"The question is not whether we know what to do, but whether we will do it," the president said at a White House reception to honor the work of the HIV/AIDS community.
The Obama Administration unveiled its national strategy today to reduce the annual number of HIV infections in the United States and improve health care for those currently living with HIV or AIDS.
"Fighting HIV/AIDS in America and around the world will require more than just fighting the virus.

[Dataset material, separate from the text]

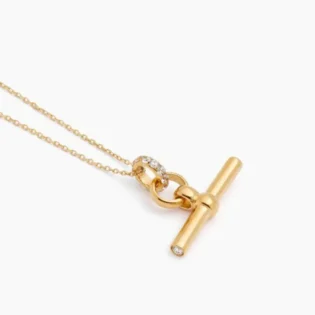 T Bar Pendant With Moissanite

It will require a broader effort to make life more just and equitable for the people who inhabit this Earth," he said.
Obama promised the reception attendees that they had a "partner" in him and his administration.

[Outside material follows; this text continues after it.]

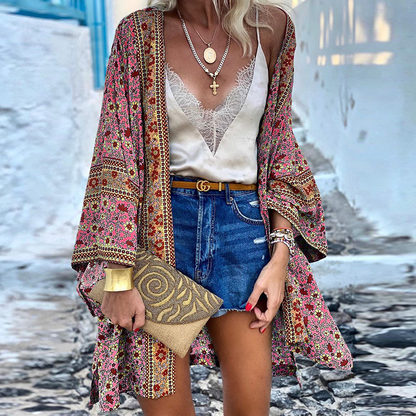 Zanzi Cardigan Boho, Un kimono allegro, elegante e di lunghezza media!-Modaso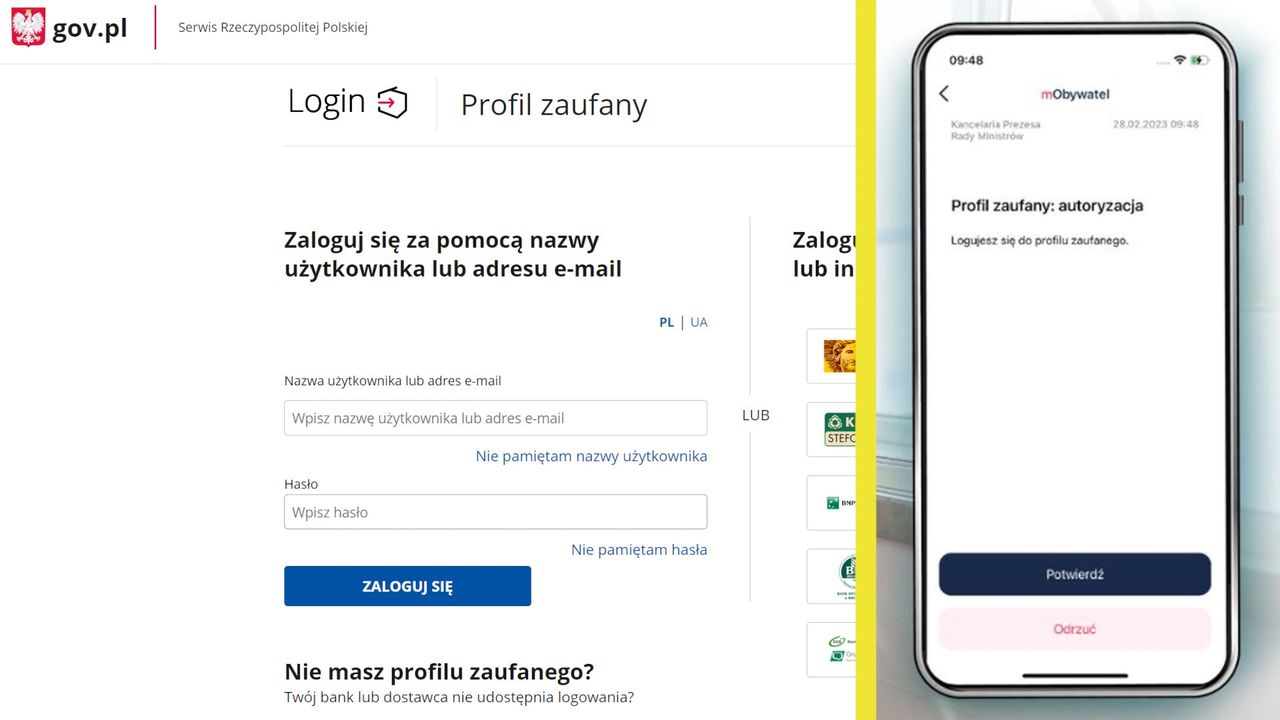 Profil zaufany z powiadomieniami PUSH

"We're here because we believe that while HIV transmission rates in this country are not as high as they once were, every new case is one case too many," he said. "We're here because we believe in an America where those living with HIV/AIDS are not viewed with suspicion, but treated with respect; where they're provided the medications and health care they need; where they can live out their lives as fully as their health allows."
Earlier today, Health and Human Services Secretary Kathleen Sebelius said the HIV plan "has an ambitious vision."
"That vision is that the United States should be a place where new HIV infections are rare, and when they do occur every person, regardless of age, gender, race, ethnicity, sexual orientation, gander identity, or socioeconomic circumstances will have unfettered access to high-quality life-extending care, free from stigma and discrimination."
Every year approximately 56,000 people in the United States become infected with HIV. There are currently more than 1.1 million Americans living with HIV.
In a 45-page report, the White House outlines its plan to reduce the annual number of HIV infections by 25 percent within five years, and increase the percentage (from 65 to 85 percent) of newly-diagnosed patients who receive care within three months of their diagnoses.
White House' HIV/AIDS Plan
The plan centers around three main points: reducing the number of new HIV infections, increasing access to care and optimizing health outcomes for those living with HIV, and ensuring equality in care for HIV.
"The goals aren't necessarily new," Secretary Sebelius said today, " but the strategy for achieving them is new."
The strategy is meant to be a roadmap to guide coordinated efforts to combat the nation's HIV epidemic, by bringing together state and local governments, business, faith communities, the science and medical communities, charities, education institutions and Americans living with HIV.
The White House also announced today that the 2012 International National AIDS Conference would be held in Washington DC, the first conference held in the United States on AIDS in 20 years.
White House AIDS Plan: No New Money
HIV/AIDS activists said there is no new federal money in this strategy. Rather, it redirects money that has already been allocated.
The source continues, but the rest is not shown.